▸ **Listed records**:
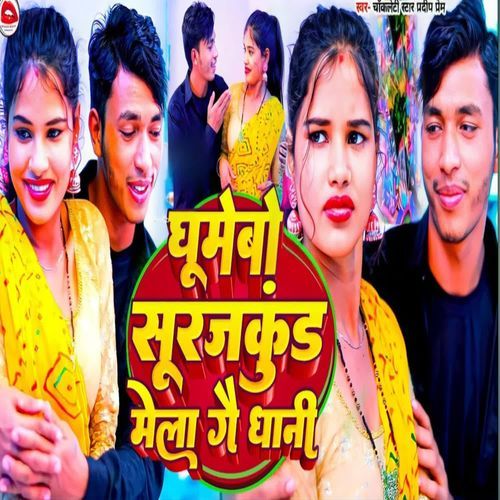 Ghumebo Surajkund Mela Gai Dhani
...
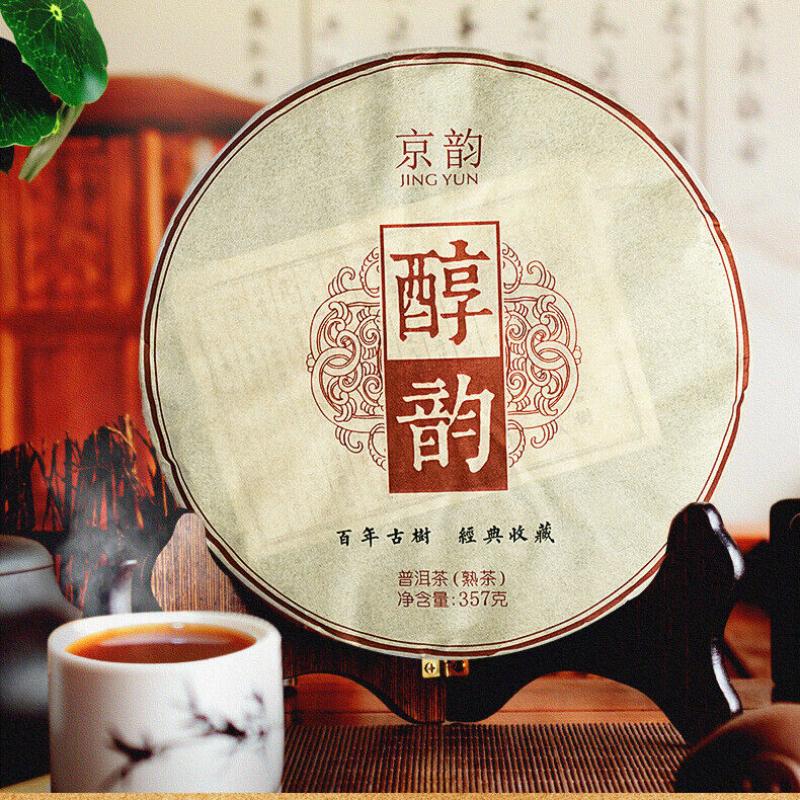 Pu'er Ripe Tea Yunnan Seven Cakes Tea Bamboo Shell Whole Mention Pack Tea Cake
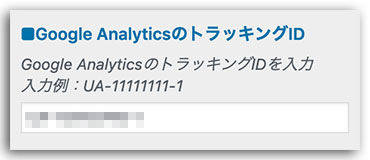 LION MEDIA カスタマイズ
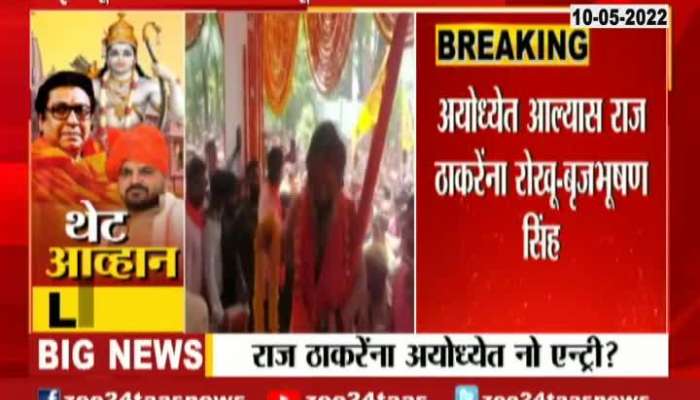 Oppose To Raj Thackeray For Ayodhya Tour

▸ **What to work on**: Using the data above, which lines fall from the one with "Pu'er Ripe Tea" through the one with "Oppose To Raj Thackeray For Ayodhya Tour"? Repeat them exactly, ends included, minus any pictures.

▸ **Answer to the exercise**:
 Pu'er Ripe Tea Yunnan Seven Cakes Tea Bamboo Shell Whole Mention Pack Tea Cake
 LION MEDIA カスタマイズ
 Oppose To Raj Thackeray For Ayodhya Tour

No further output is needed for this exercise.